Comparison of the effects of exogenous native phytochrome and in-vivo irradiation on in-vitro transcription in isolated nuclei from barley (Hordeum vulgare)

Abstract

In barley seedlings the transcription of genes coding for the light-harvesting chlorophyll a/b protein (LHCP) is stimulated and the transcription of genes coding for the NADPH-protochlorophyllide oxidoreductase (reductase) is repressed by light working via the phytochrome system. This phytochrome-mediated control of gene expression has been studied by monitoring in-vitro transcription in isolated nuclei. Two different experimental approaches have been used to elucidate the function of phytochrome (P_fr) during the transduction of the light signal. Concentrations of phytochrome were varied experimentally either by illuminating intact plants or macerated plant material prior to the isolation of nuclei or by adding purified phytochrome (P_fr) in its native 124-kDa form to the isolated nuclei. Our results indicate that there are at least two different steps involved in the phytochrome control of specific gene expression. (i) There is a rapid and transient change in the transcription rate which is saturated by very low levels of P_fr. (ii) There is a change in the duration and the maximum range of the transient change; this step requires relatively high P_fr concentrations and thus reacts very sensitively and rapidly to changes in P_fr levels as induced by secondary irradiations.
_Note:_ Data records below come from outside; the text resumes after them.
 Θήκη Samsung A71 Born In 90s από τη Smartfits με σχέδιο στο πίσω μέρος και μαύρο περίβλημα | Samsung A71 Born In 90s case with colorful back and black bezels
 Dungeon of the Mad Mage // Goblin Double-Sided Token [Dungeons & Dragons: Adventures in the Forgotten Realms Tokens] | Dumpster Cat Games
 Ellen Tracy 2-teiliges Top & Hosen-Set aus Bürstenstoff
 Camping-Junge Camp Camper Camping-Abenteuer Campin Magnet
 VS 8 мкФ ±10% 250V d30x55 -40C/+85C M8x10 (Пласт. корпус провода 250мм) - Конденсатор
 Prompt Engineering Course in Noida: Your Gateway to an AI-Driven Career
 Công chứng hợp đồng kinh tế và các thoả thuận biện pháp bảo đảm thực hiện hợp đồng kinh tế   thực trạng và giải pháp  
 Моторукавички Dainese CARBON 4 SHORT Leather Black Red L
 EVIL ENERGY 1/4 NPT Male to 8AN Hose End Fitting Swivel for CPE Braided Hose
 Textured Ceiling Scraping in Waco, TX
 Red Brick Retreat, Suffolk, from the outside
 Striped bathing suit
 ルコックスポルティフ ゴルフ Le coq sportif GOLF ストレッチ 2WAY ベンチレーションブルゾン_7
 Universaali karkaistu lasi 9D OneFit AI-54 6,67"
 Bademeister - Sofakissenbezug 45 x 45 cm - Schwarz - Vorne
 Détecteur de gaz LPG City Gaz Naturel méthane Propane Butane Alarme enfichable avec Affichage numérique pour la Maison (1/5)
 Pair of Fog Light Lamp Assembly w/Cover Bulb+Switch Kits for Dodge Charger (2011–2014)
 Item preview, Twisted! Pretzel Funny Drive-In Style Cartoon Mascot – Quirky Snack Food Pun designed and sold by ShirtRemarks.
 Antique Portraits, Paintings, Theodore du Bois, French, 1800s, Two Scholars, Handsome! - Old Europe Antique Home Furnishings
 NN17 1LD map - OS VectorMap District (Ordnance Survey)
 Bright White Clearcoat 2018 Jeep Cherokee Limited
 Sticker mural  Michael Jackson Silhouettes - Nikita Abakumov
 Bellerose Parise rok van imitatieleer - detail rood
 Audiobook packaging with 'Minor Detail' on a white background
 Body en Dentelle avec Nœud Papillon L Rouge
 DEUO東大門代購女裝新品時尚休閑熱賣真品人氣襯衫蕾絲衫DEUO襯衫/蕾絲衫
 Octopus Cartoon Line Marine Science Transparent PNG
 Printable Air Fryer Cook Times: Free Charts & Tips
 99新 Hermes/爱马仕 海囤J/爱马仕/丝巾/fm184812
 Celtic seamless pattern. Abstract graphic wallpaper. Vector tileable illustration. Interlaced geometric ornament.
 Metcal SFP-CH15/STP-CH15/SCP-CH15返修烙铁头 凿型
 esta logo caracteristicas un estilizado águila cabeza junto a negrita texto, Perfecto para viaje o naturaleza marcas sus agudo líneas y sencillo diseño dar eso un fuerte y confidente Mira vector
This second step, but not the first one, could be triggered by the addition of purified oat phytochrome to a reconstituted nuclear system. This effect of purified phytochrome could only be shown if nuclei isolated from red-light (R)-irradiated seedlings were used. It was thus possible to simulate the effect of an in-vivo-applied second R pulse by the addition of P_fr to nuclei isolated from R-preirradiated plants.